_TASK DETAILS:_
Using the data below, set down every line from the one containing "UNCAS 925 Sterling" through the one containing "Red Blue Yellow", inclusive and unchanged. Pictures are to be skipped.

Top of EXERCISE INPUT

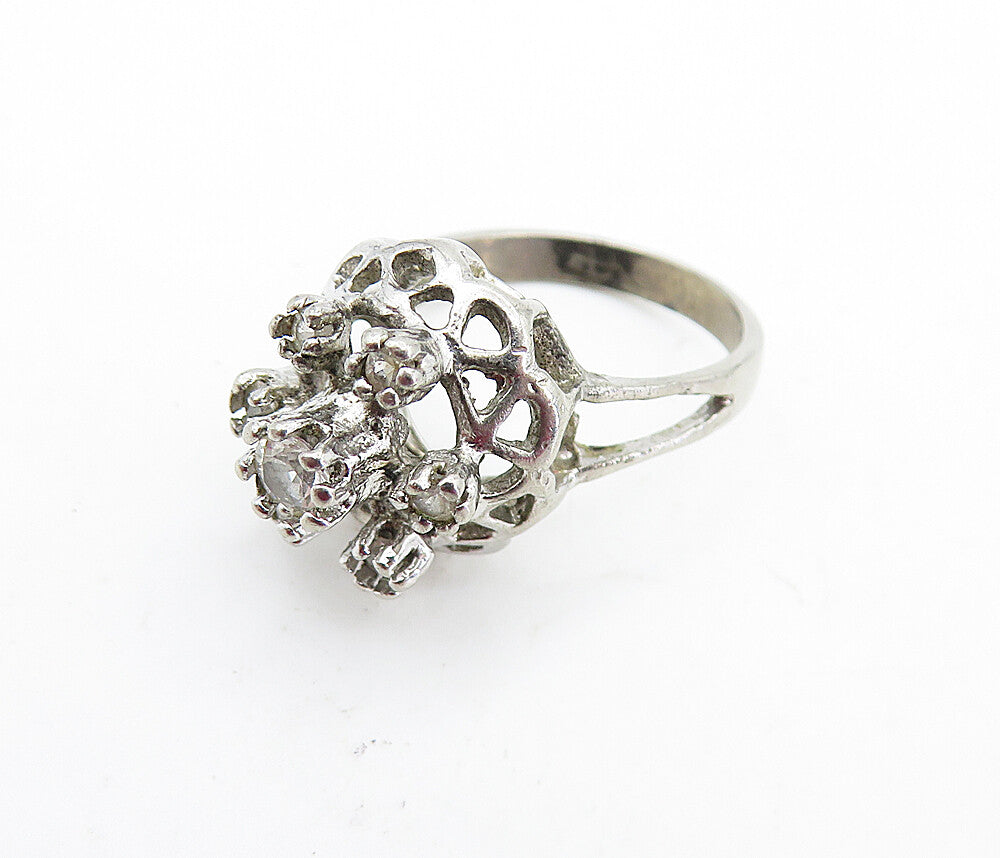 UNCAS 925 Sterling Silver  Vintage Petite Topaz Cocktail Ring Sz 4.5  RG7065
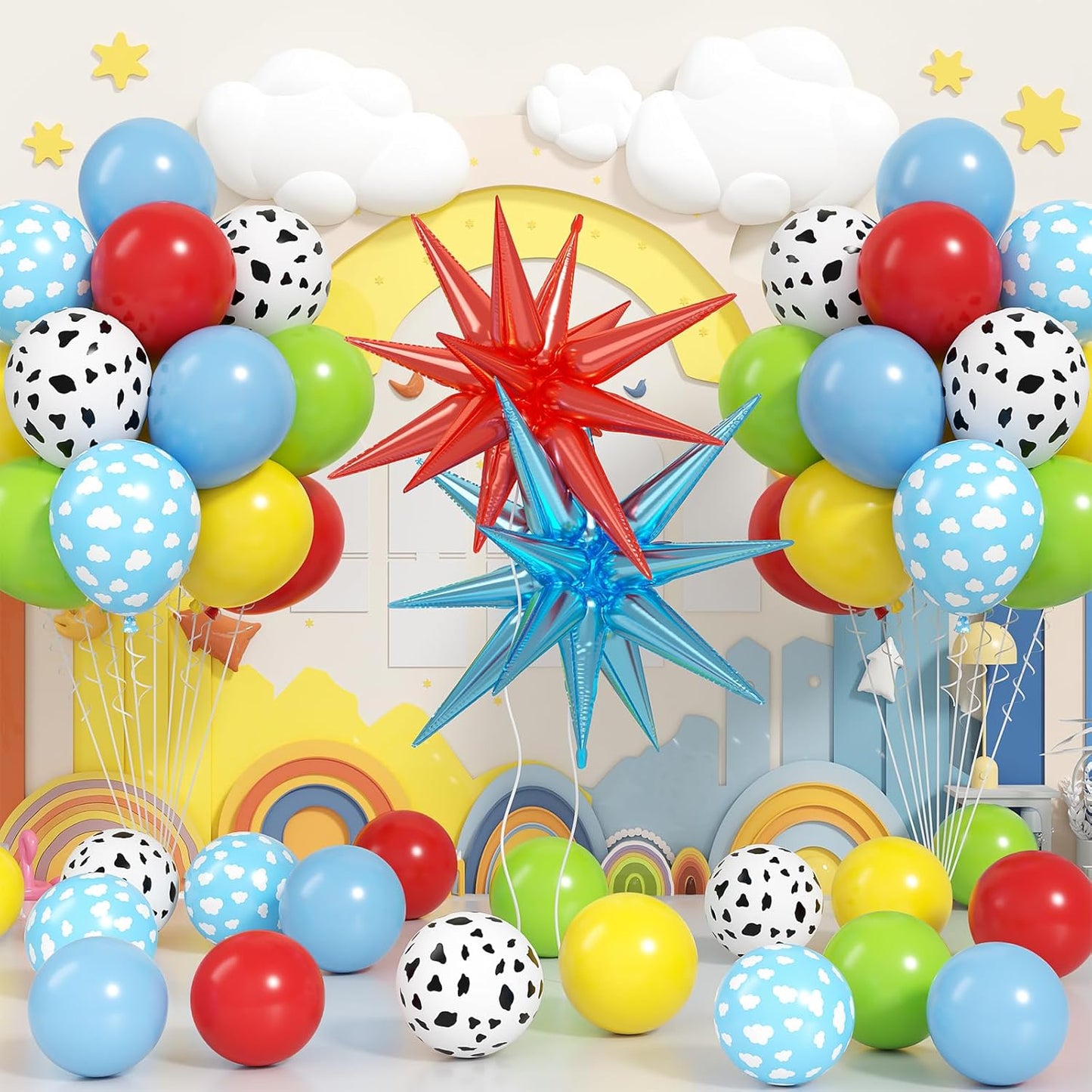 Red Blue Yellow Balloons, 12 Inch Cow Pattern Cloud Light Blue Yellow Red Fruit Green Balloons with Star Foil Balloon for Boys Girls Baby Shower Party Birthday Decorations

Bottom of EXERCISE INPUT
Top of EXERCISE INPUT

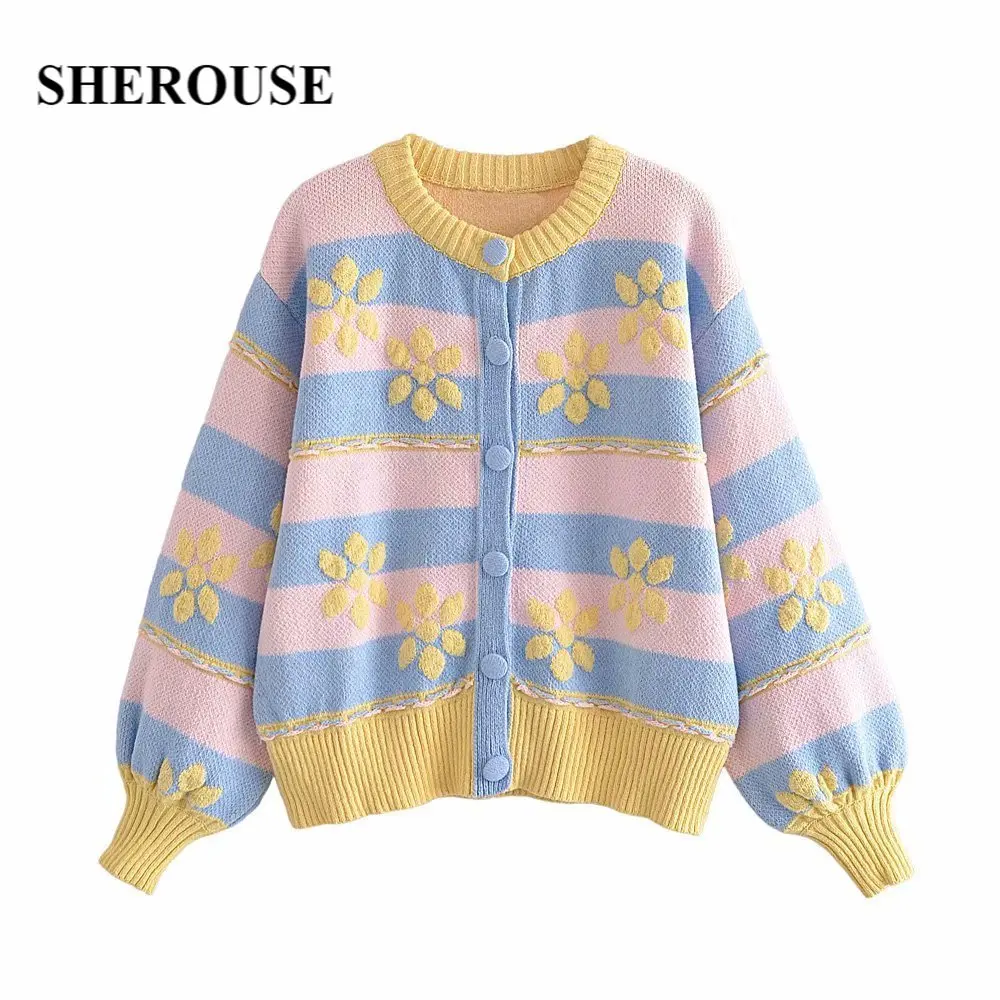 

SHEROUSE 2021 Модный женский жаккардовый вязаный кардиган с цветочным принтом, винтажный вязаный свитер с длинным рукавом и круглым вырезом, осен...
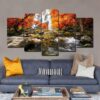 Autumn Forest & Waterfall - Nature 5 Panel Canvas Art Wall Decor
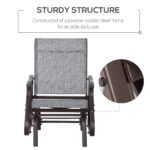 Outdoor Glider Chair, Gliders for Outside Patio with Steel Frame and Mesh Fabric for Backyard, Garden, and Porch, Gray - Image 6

Bottom of EXERCISE INPUT
Top of EXERCISE INPUT

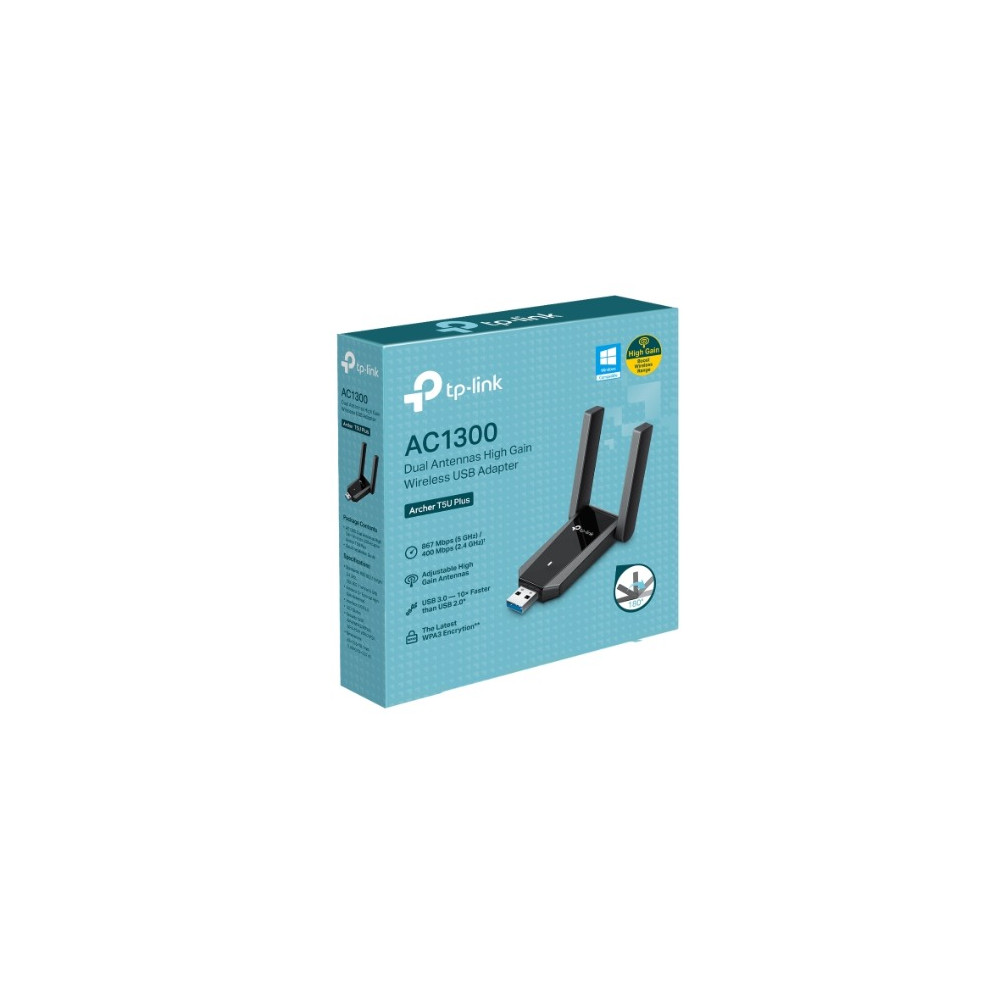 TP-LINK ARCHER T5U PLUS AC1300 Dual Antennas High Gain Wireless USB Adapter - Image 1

Bottom of EXERCISE INPUT

_SOLUTION FOR THIS PROBLEM:_
 UNCAS 925 Sterling Silver  Vintage Petite Topaz Cocktail Ring Sz 4.5  RG7065
 Red Blue Yellow Balloons, 12 Inch Cow Pattern Cloud Light Blue Yellow Red Fruit Green Balloons with Star Foil Balloon for Boys Girls Baby Shower Party Birthday Decorations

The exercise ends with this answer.